In 2021, I hope the field realigns its incentives to prioritize understanding over prediction. Not only could this lead to more technically robust systems, but the improvements would also have major social implications. The vulnerability of current deep learning systems to be duped, for example, compromises the security of autonomous cars and presents dangerous possibilities for autonomous weapons. The inability of systems to distinguish between correlation and causation is also at the root of algorithmic discrimination.
Empower marginalized researchers
If algorithms codify the values ​​and perspectives of their creators, a large cross section of humanity should be present at the table as they develop. I haven’t seen any better proof of this than in December 2019, when I attended NeurIPS. That year there was a record number of women and minority speakers and attendees, and I could feel it change in a tangible way the content of the proceedings. There has been more talk than ever about the influence of AI on society.
At the time, I praised the community for their progress. But Processing of Gebru by Google as one of the few leading black women in the industry has shown how far there is to go. The diversity of numbers is meaningless if these people are not empowered to bring their lived experience to their work. I am however optimistic that the tide is changing. The flash point triggered by Gebru’s ignition turned into a critical moment of reflection for the industry. I hope that this momentum continues and turns into lasting systemic change.

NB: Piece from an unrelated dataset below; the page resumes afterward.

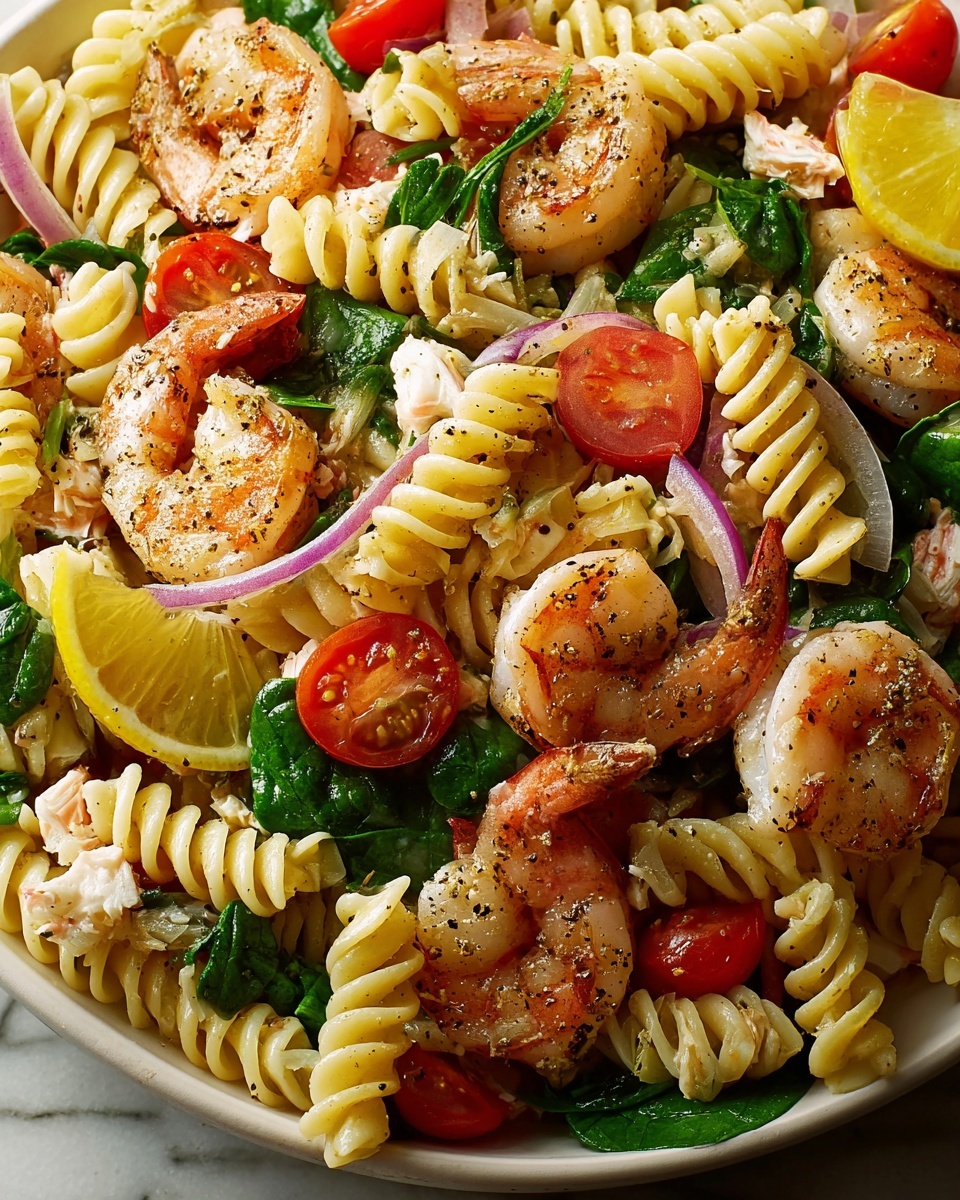 Seafood Pasta Salad with Shrimp & Crab Recipe - Recipe Image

Focus the perspectives of affected communities
There is also another group to bring to the table. One of the most exciting trends of the past year has been the emergence of participatory machine learning. It’s a provocation to reinvent the process of AI development to include those who ultimately become subject to algorithms.
In July, the first conference workshop dedicated to this approach gathered a wide range of ideas on what it might look like. It included new governance procedures to solicit feedback from the community; new models of audit methods to inform and engage the public; and proposed an overhaul of AI systems to give users more control over their settings.

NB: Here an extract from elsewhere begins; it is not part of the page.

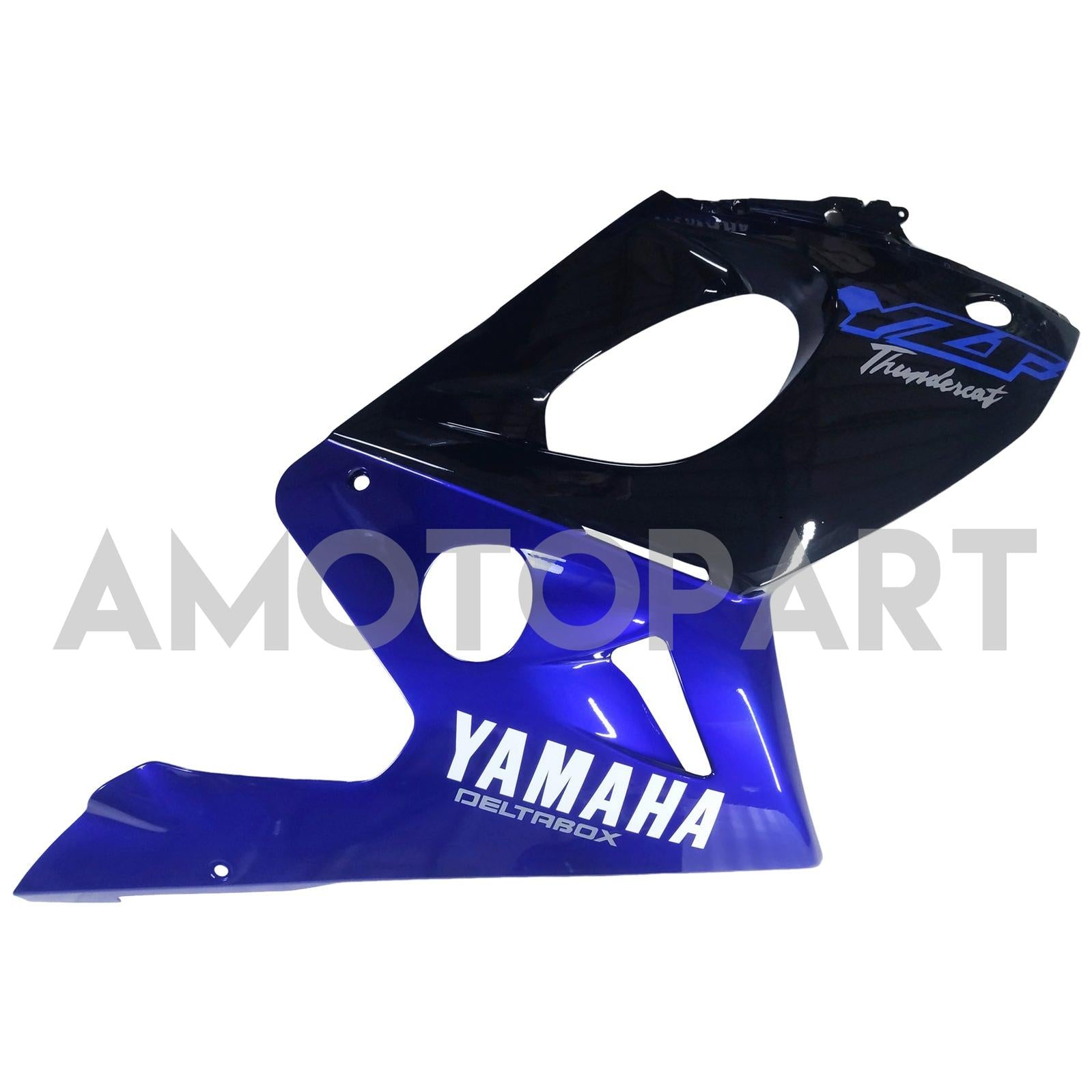 Amotopart 1996-2007 Yamaha YZF 600R Thundercat Glossy Black Blue Fairing Kit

My hope for 2021 is to see more of these ideas tested and seriously adopted. Facebook is already testing a version with its external supervisory board. If the company follows through by allowing the board of directors to make binding changes to the platform’s content moderation policies, the governance structure could become a feedback mechanism worth emulating.

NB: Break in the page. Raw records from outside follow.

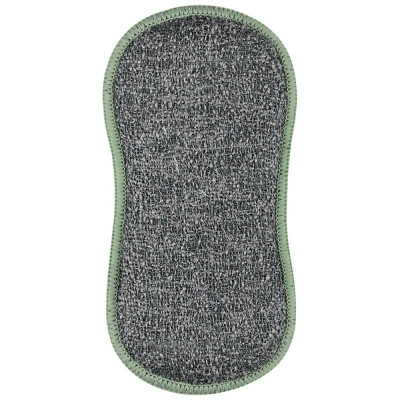 Губка-скраб двухсторонняя 19х9.5см микрофибра+абразив (2шт) РЫЖИЙ КОТ 107843-4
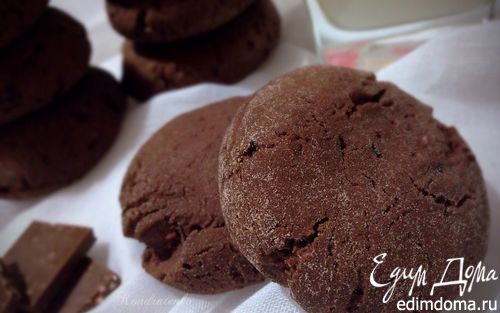 Рецепт Шоколадно-малиновое печенье (постное)
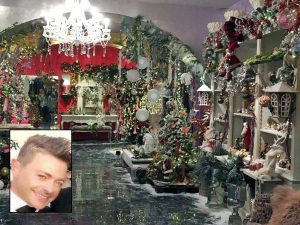 Viterbo - L'atelier Sergio Milioni - Nel riquadro Sergio Milioni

Codify guardrails in regulations
So far, grassroots efforts have driven the movement to mitigate algorithmic damage and hold tech giants accountable. But it will be up to national and international regulators to put in place more permanent guardrails. The good news is that lawmakers around the world have watched and are drafting laws. In the United States, members of Congress have already introduced invoices to address facial recognition, AI biases, and deepfakes. Several of them too sent a letter to Google in December, expressing their intention to continue to apply this regulation.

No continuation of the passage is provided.